Records for this exercise START
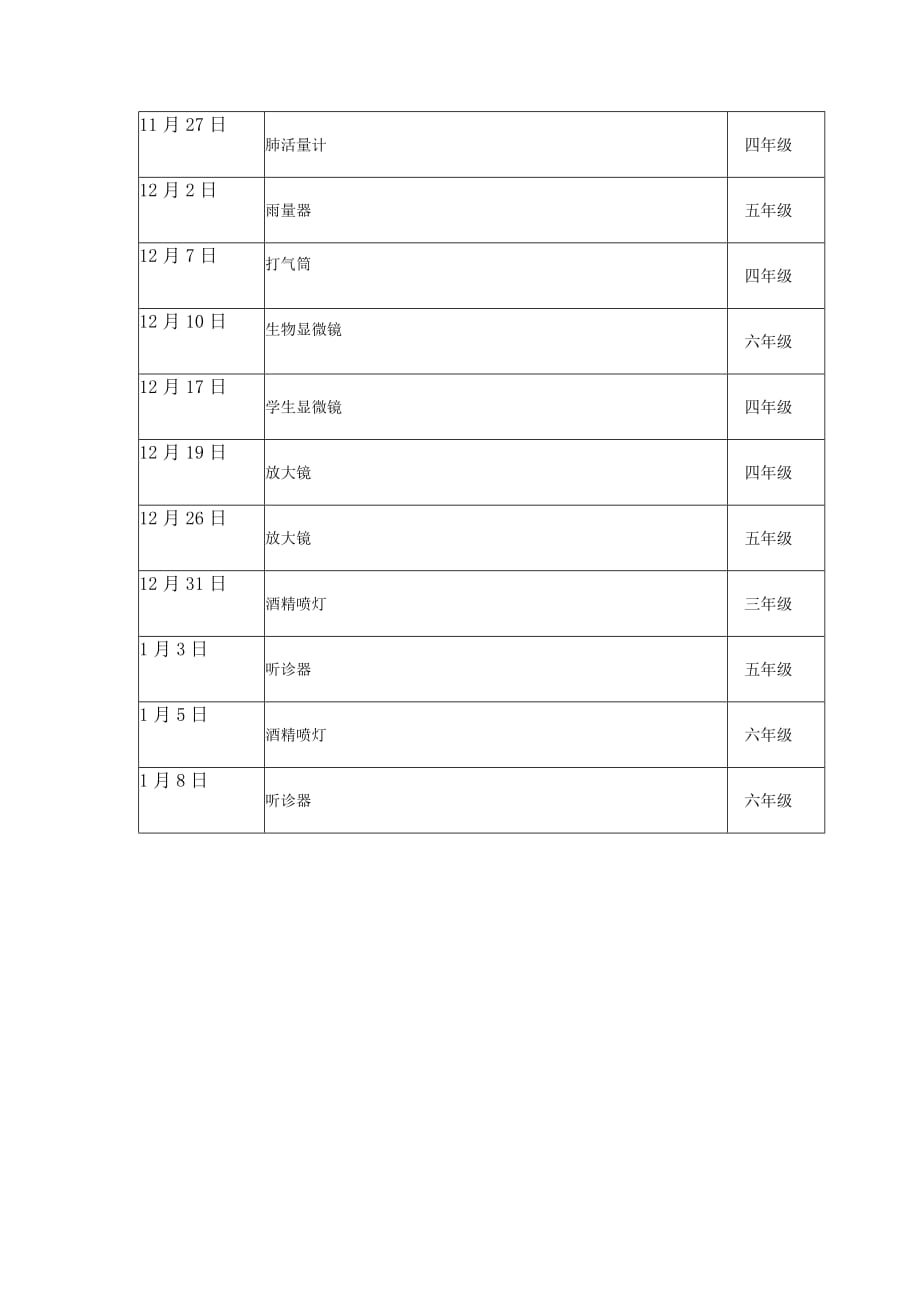 小学科学器材使用登记表3资料_第2页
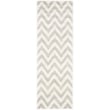 Safavieh Amherst Light Grey Indoor Outdoor Rug - Runner 2'3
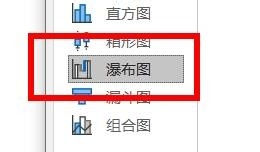 Word如何插入瀑布图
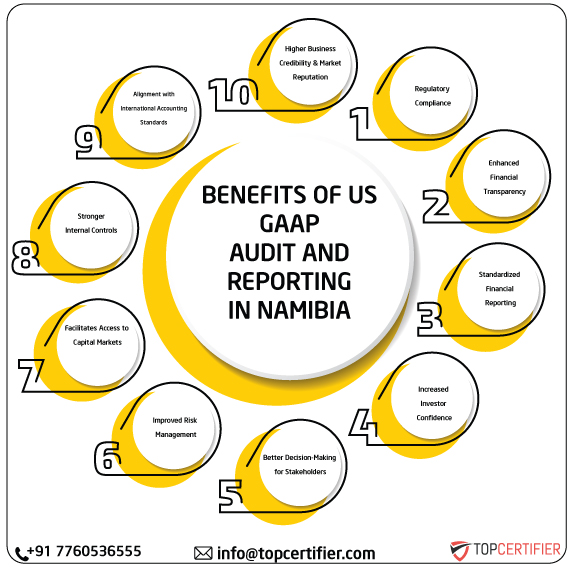 US GAAP in namibia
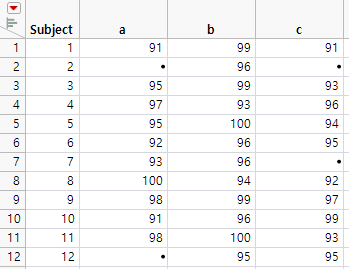 Drug Measurements.jmp Split by a Grouping Variable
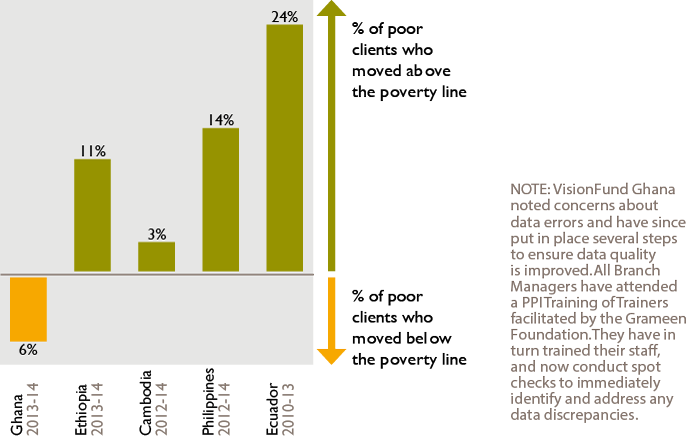 Percentage of VisionFund Clients Below the Poverty Line Moving Out of Poverty
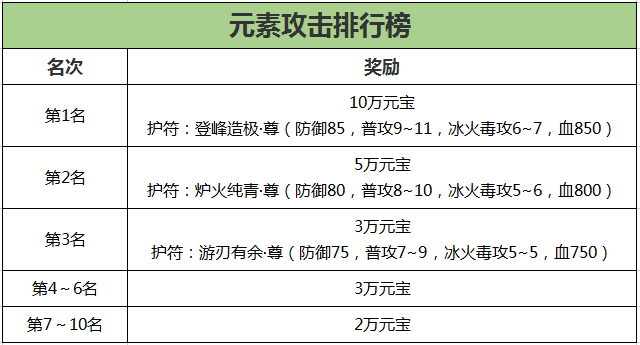 《刀剑online》轻松新服，人人免费拿地冥！豪拿10万战！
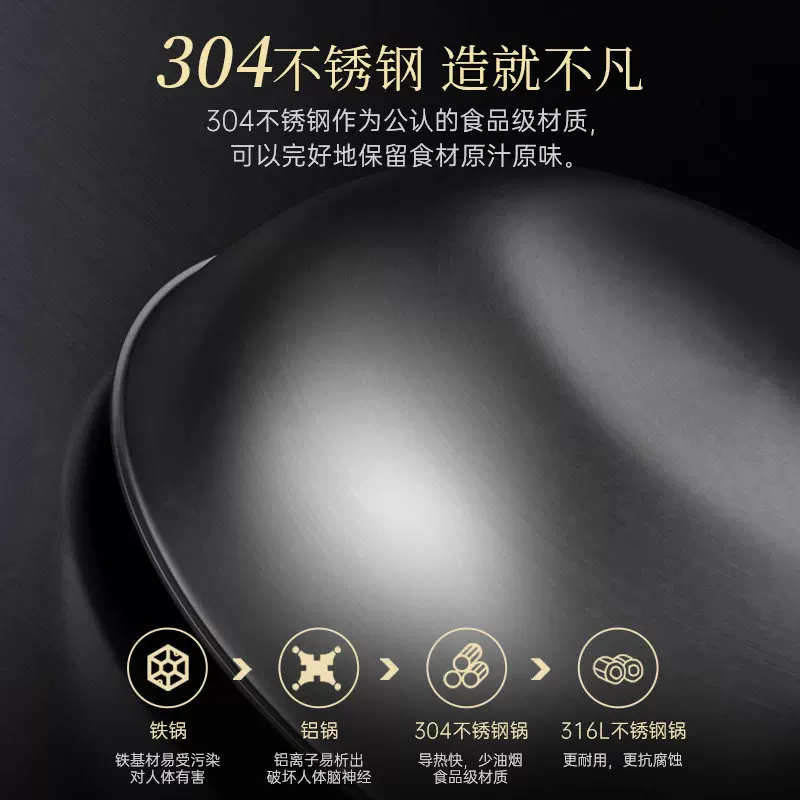 康巴赫 炒锅 32A2蜂窝炒锅 32cm大容量 105.82元 - 线报酷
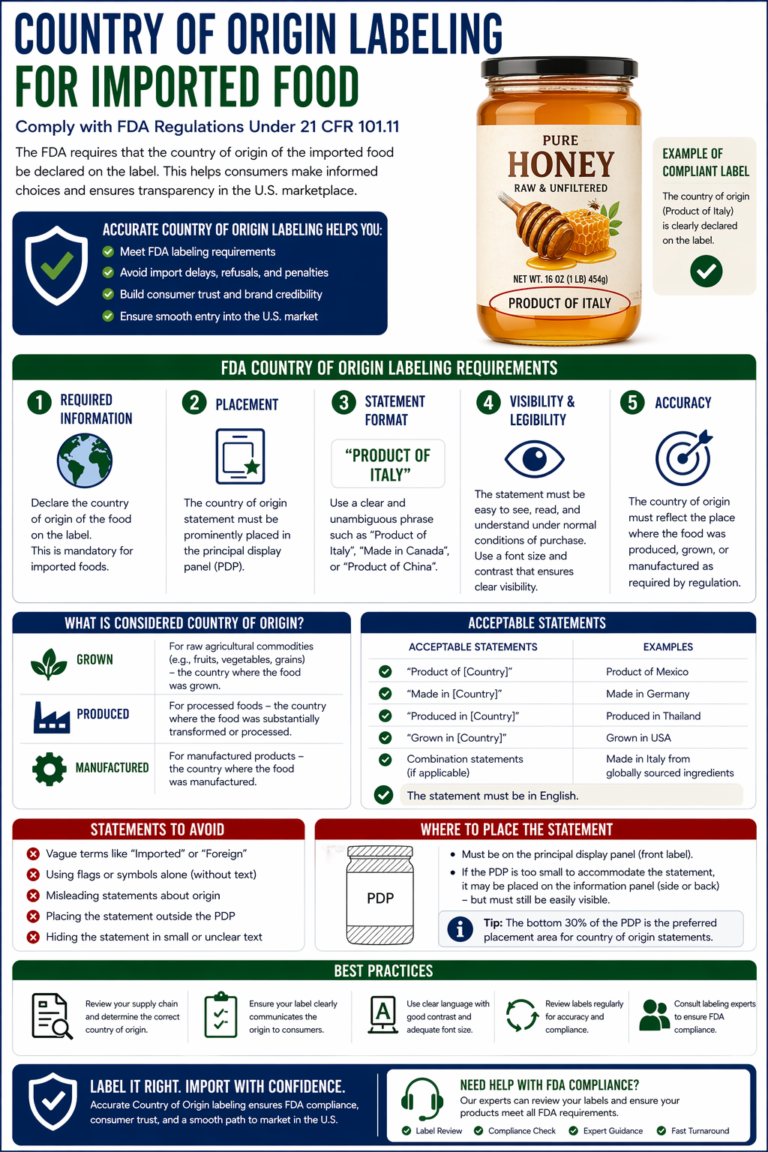 Country of Origin Labeling for Imported Food
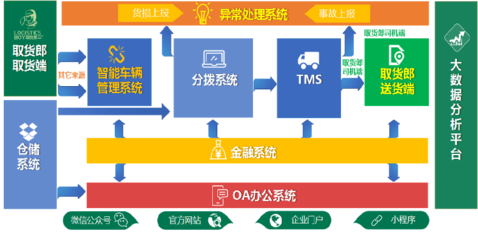 臨沂國家物流樞紐轉型發展戰略發布會暨順和物聯三網融合啟動大會順利舉辦 供應鏈管理服務新篇章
Records for this exercise END
▶ **What needs to be done**:
Beginning with the line that holds "康巴赫 炒锅 32A2蜂窝炒锅 32cm大容量 105.82元 - 线报酷" and continuing to the end of the entries above, set down each line exactly, both ends included; include no pictures.

▶ **Finished task**:
 康巴赫 炒锅 32A2蜂窝炒锅 32cm大容量 105.82元 - 线报酷
 Country of Origin Labeling for Imported Food
 臨沂國家物流樞紐轉型發展戰略發布會暨順和物聯三網融合啟動大會順利舉辦 供應鏈管理服務新篇章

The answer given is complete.